Travel Plans Revised
What actually happened:

  • Wisconsin or bust
  • I was ready to head home from WI about a week before our departure.
  • I spent an inordinate amount of time making course schedule considerations and mapping out what life could look like this semester
  • I applied for and accepted a position as a Sunday School teacher at a Presbyterian Church in Atlanta

Homesick Already?
As often as I long for the life I left behind in Iowa, and the way the sunrise warmed the front porch of the house I loved, or how the grassy, humid fragrance rolled from nearby fields along my suburban street, my longing is fleeting. Surprisingly I don’t miss Iowa like I thought I would. What made Iowa home for me was family. Since my family spends the summer in Wisconsin, to Wisconsin we went.

I startled awake one late July morning in Wisconsin with a severe bout of homesickness. Not for Iowa, but for Georgia. Were it not for my kids’ last art and nature classes the following week I would have packed up and headed south then. I wrestled and played with this unexpected feeling. This longing for a place that is still so new confounded me. What was different?

Last summer the unknown of starting seminary loomed and the anxiety of moving into a new home mounted. Last summer was a prelude to new things—a life in my imagination, not reality.

This summer was different. I knew where I was headed. I knew the neighbors that would greet me, which steps would creak as I hauled our luggage inside, which flowers I’d cut first and put in a vase. I knew the rigor that awaited at seminary, but this time also knew the names of people I can count on.

I was ready to return home.

Saying Goodbye
Seminary is a process of reshaping who you were and molding it into who you are called to be. This process produces excess clay. Letting go of even little pieces can be hard. I let go of several things this summer.

Ever since my oldest child was in the NICU and we stayed at Ronald McDonald House, I’ve been saving pop tabs. Diligently washing out cans, spinning the tabs until they break free, adding them to the jar for Ronald McDonald House Charities who gets money for each one. That’s right, almost twelve years later I still drop them into a jar. The same jar. The same one jar. Almost twelve years later. But not anymore.

Same thing goes for Box Tops. No more cutting out stiff cardboard rectangles on the back of cereal boxes. No having to remember to trim them and turn them into my kids’ school only during the exact right two-week window each year.

I’m letting go, knowing I will give back, and okay that it might look different than jars of metal and baggies of cardboard.

Sometimes letting go means big things. Witnessing a dear friend’s ordination at the end of summer, trusting that God holds this person on the new journey ahead.
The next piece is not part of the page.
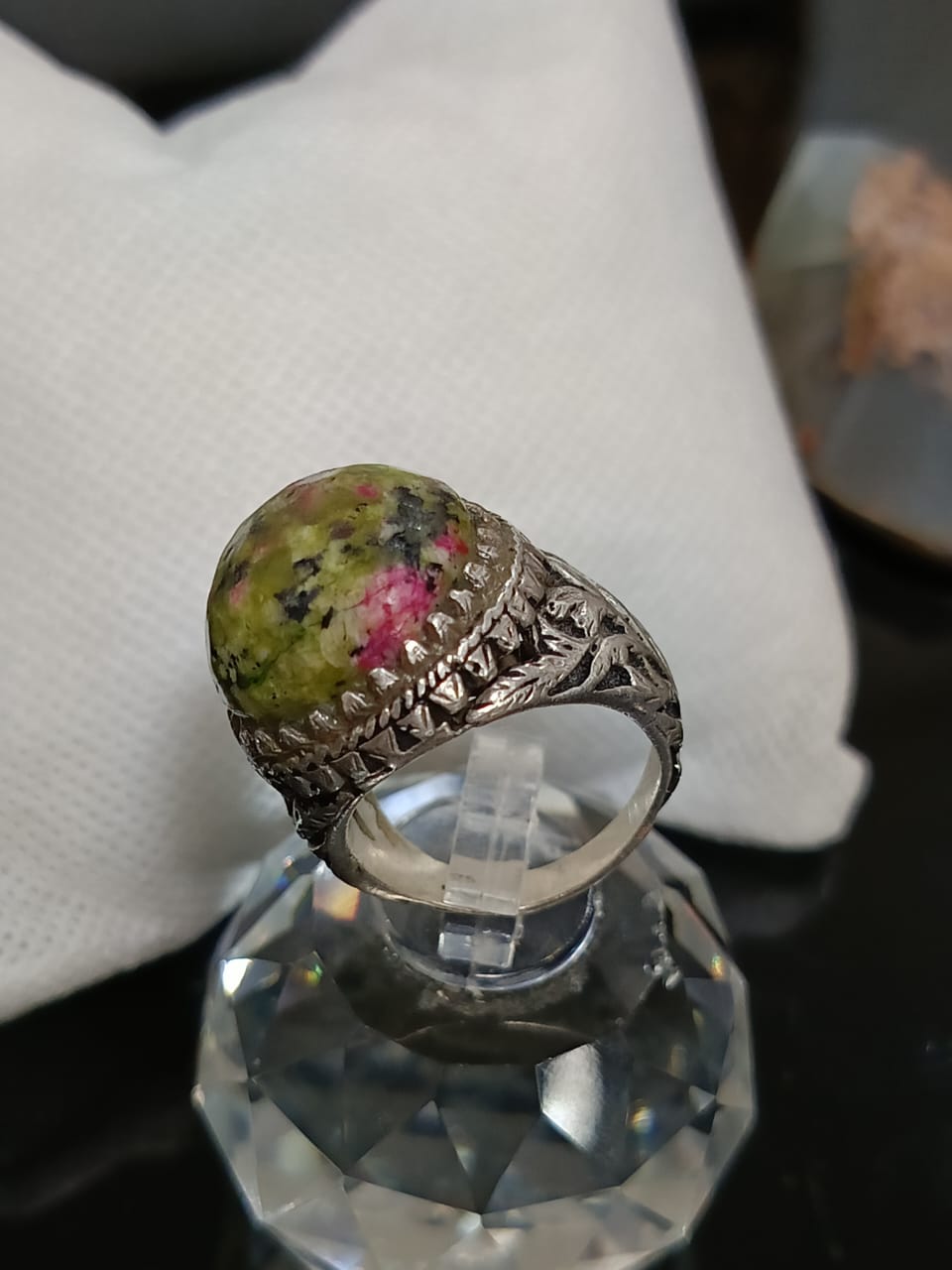 خاتم فضة بحجر طبيعي صلب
Being aware of the emptiness on campus without the presence of last year’s seniors you didn’t realize you looked up to so much. Feeling reluctant to let the new students’ energy and enthusiasm soothe the void.

Best Reads for the Journey:
How to Raise Monarch Butterflies: A Step-by-Step Guide for Kids (How It Works) by Carol Pasternak
Get this for the kids (and adults) in your life.

Urban Jungle: Living and Styling with Plants
The book itself is a piece of art. But not pretentious. Practical with unusual flavor influenced by its non-American contributors.

Essence Magazine
Expands my cultural lens and framework.

The Crisis Magazine
Deep, thorough coverage of racial and justice issues that matter, written from a non-white perspective. Should be required reading for whites.

anything by Lianne Moriarty
My new favorite author! Complex plots, fascinating characterizations.

Zen Garden by David Holzer
A beautiful little book. I now have a vision for my backyard.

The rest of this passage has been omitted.